* [Input data]
- Opening Delimiter -
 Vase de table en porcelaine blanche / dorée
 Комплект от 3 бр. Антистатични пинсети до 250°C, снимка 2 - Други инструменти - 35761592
- Closing Delimiter -
- Opening Delimiter -
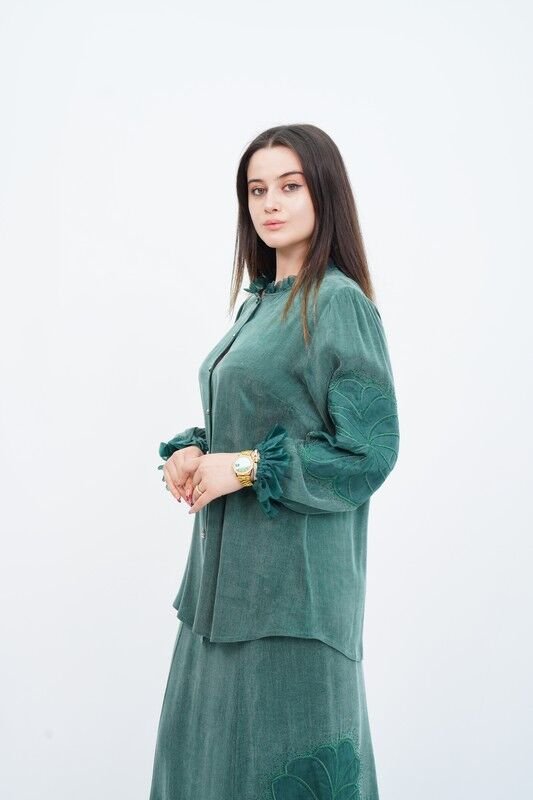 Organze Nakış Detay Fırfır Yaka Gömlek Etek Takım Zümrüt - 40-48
- Closing Delimiter -
* [Task to carry out] Exactly the lines above from the one with "Vase de table en porcelaine blanche / dorée" to the one with "Комплект от 3", both included, are to be quoted; leave the rest out.

* [Task solution]
 Vase de table en porcelaine blanche / dorée
 Комплект от 3 бр. Антистатични пинсети до 250°C, снимка 2 - Други инструменти - 35761592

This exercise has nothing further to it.